If persistent data is provided using SetGraphicsRoot32BitConstants () as a root constant, the entry in the root handle is not modified, but the data may change. If they are provided using the CBV == descriptor and descriptor tables, then the descriptor does not change, but the data may change.

If we need several constant buffer representations (for example, for double or triple buffering during rendering), the CBV or the descriptor can be changed for each frame in the ruta signature.

For these textures, memory allocation of the GPU is assumed at startup. Then the SV == descriptor will be created, it will be saved in the descriptor table or in the static sampler, and it will be referenced in the root descriptor. After that, the data and the descriptor or static sampler are not changed.

For dynamic data, such as changing texture or buffer data (for example, textures with displayed localized text, buffers with animated vertices or created models), we allocate a rendering target or buffer, provide RTV or UAV, that is, descriptors, then these descriptors may no longer change. The data in the render target or in the buffer is subject to change.
If we need several rendering targets or buffers (for example, for double or triple buffering during rendering), the descriptors can be changed for each frame in the root signature.

In a further discussion, a change is considered important for resource binding if it is associated with the following:

Change or replace a descriptor in a descriptor table, such as CBV, RTV, or UAV.
Change the entry in the root signature.

Descriptors in descriptor tables in Haswell / Broadwell processor families

On Haswell / Broadwell platforms, if one descriptor table is changed, the root signature consumes as many resources as when all descriptor tables change. Changing one argument results in the equipment having to create a copy (version) of all current arguments. The number of root parameters in a root signature is the amount of data for which the equipment has to create a new version (that is, a full copy) when changing any subset.

Note. For all other types of memory in DirectX 12, such as heaps of descriptors, buffer resources, etc., the hardware does not create new versions.

In other words, about the same amount of resources is spent on changing all parameters as on changing one (see [Loritzen] and [MSDN]). Least of all resources are spent, of course, if nothing changes, but it is useless.

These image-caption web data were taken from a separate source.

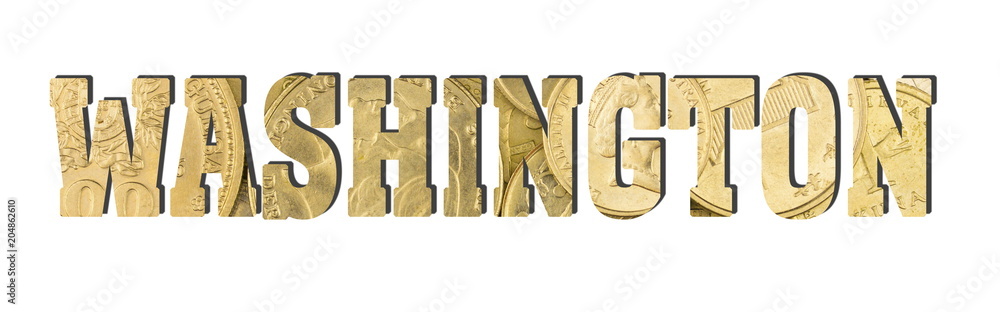 Washington. Shiny golden coins textures for designers. White isolate Washington. Shiny golden coins textures for designers. White isolate
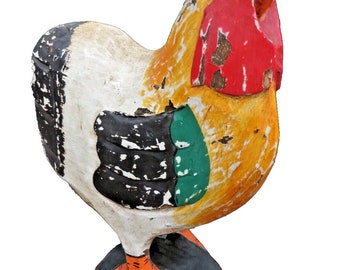 Vintage Painted Wood Chicken Rooster - Folk Art Farmhouse Country Decor 12.5"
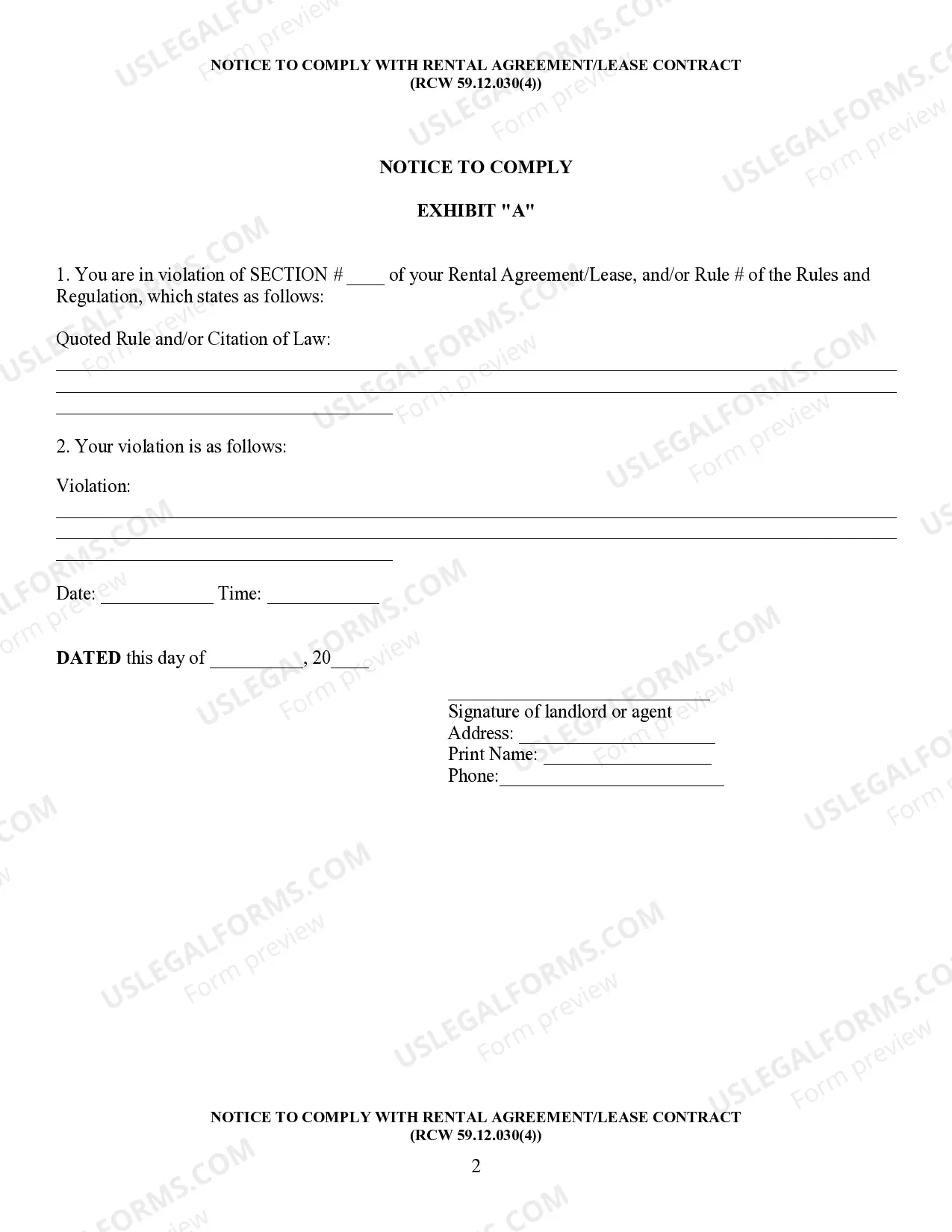 Preview Ten Day Notice to Comply with Lease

Note. On other equipment, where the memory is divided into fast and slow, the storage of root arguments (root arguments) will create a new version of only that memory area where the argument has changed, that is, either the fast area or the slow area.

On Haswell / Broadwell platforms, the additional cost of changing descriptor tables may be due to the limited size of the binding table in the hardware.

The descriptor tables on these hardware platforms use hardware “reference tables”. Each binding table entry is a single DWORD value that can be considered an offset in the heap of descriptors. In a 64 KB ring, 16,384 bindings records can be stored.

In other words, the amount of memory consumed by each draw call depends on the total number of descriptors that are indexed in the descriptor table and referenced in the root signature.
If we run out of 64 KB of memory for the binding table entries, the driver will allocate another 64 KB binding table. Switching between these tables causes the pipeline to stop, as shown in Figure 2.

Figure 2. Stopping the conveyor (Figure by Andrew Loritzen)

Suppose that a root signature refers to 64 descriptors in the descriptor table. Stopping will occur every 16,384/64 = 256 draw calls.

Since few resources are spent on changing the root signature, it is preferable to use many root signatures with a small number of descriptors in the descriptor table, rather than root signatures with a large number of descriptors in the descriptor table.

Therefore, on Haswell / Broadwell platforms, it is desirable that the descriptor tables contain as few references to the descriptors as possible.
What does this mean in terms of rendering? When using more descriptor tables with a smaller number of descriptors in each table (and, therefore, with more root signatures), the number of pipeline state objects (PSO) increases, because one-to-one relationships are maintained between such objects and root signatures.
An increase in the number of pipeline state objects can lead to an increase in the number of shaders, which in this case can be more specialized instead of longer shaders with a wider range of functions, according to the general recommendation.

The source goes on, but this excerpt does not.